Butter Molds and Butter Stamps

The main objective in keeping cows was to supply the needs of the family for milk and butter. Butter was produced as an essential in the diet of most people, the art of making butter, therefore, originating in the home. Not until well into the 19th century was butter commercially produced by large dairies.
Prior to modern eras, butter churned by the dairymaids and kitchen staff was pressed into wooden moulds, or molds, and cooled in special larders until firm. Simple box-type butter molds, such as the one to the right, were filled with the butter and then pressed with the plunger into a tight, perfect shape. The carved designs inside the mold or on the lid presented a pretty picture when the hardened butter was released from the mold and served on a fancy silver platter.
Butter-moulds, or wooden stamps for moulding fresh butter, are much used, and are made in a variety of forms and shapes. In using them, let them be kept scrupulously clean, and before the butter is pressed in, the interior should be well wetted with cold water; the butter must then be pressed in, the mould opened, and the perfect shape taken out.
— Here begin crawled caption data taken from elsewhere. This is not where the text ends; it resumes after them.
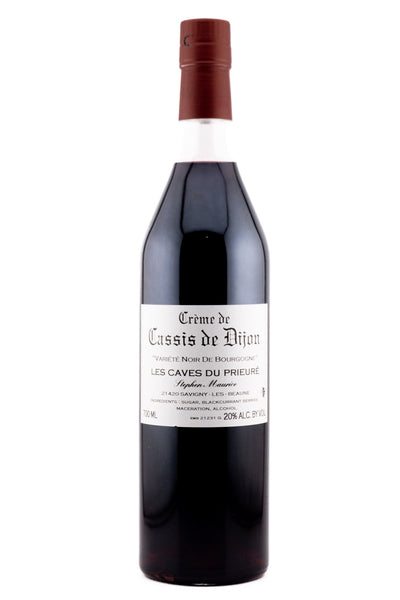 Prieuré - Creme de Cassis de Dijon – Bo's Wine Depot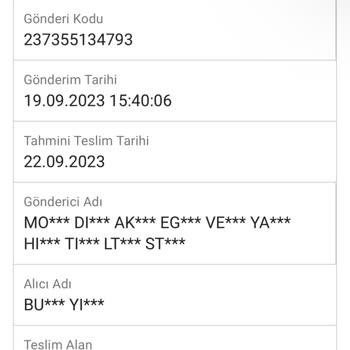 Sendeo Kargoyu Çok Geciktiriyor!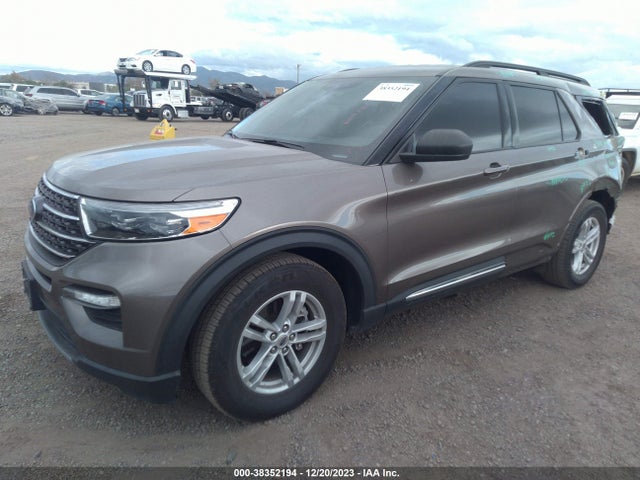 2021 FORD EXPLORER XLT VIN: 1FMSK7DH9MGA16654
The butter may be then dished, and garnished with a wreath of parsley, if for a cheese course; if for breakfast, put it into an ornamental butter-dish, with a little water at the bottom, should the weather be very warm.
~Isabella Beeton, Book of Household Management, 1861
Wealthy, upper-class Europeans and Americans impressed their guests with elaborate table settings, including butter sculpted into a bas-relief or decorative shape (two examples below). Designs varied widely, were handmade by skilled artisans, and extremely intricate. Butter molds and butter stamps were always made of wood for a reason. Before adding the butter, the wood would be soaked with cold water until thoroughly saturated. After hours chilling, the wood would dry, the butter then able to slide out easily. Other butter molds, like the one in the middle of the top row above, had screws and hinges to aid in removing the molded butter.





Sorry to have sent this twice, the link did show after all.
Hi Sharon,
You have some beautiful butter moulds. We live in France and have found an unusual one and I would like to know if you have ever seen one like it before. I can’t seem to send you a link to one that I have found on the internet, but the seller says that it is Italian and from the Alps. If you search Cylindrical butter mold Italian, you will see it. I would love to know how it is used.
Thank you.
All the best, Caroline
Hi Sharon, We live in France and there are some wonderful butter molds here. We found one that is quite unusual, and I can only find one reference when searching a photo if it with Google lens: https://www.proantic.com/en/1391724-cylindrical-butter-mold-richly-engraved-italian-alps.html
Ours looks very like the one shown on this site.
Do you have any idea how it might have been used?
Thank you for your time.
All the best,
Caroline
Is there a name for the Scandinavian hinged butter molds that formed the butter into the shape of a house?
Had no idea there were ever butter molds! They are very decorative and would be nice to display.
This was a new one for me too, when I stumbled across them. So many odd devices from the past that we no longer need. I love it!
As a child a local shop used to sell loose butter to order, they used ridged butter pats to shape it. As a teenager at school I had a Saturday and holiday job at the Swizzels sweet factory and one job I had was cutting and weighing massive blocks of butter for the sweets, alas as lon as the weight was right appearance didn’t matter so no fancy moulds for me!
How cool you have that memory. I can’t think of anything like this, other than dim memories of some restaurants that would serve butter slices with a fancy emblem printed on it. I’ve never seen one of these in an antique store, yet… but if I do, I will have to buy one!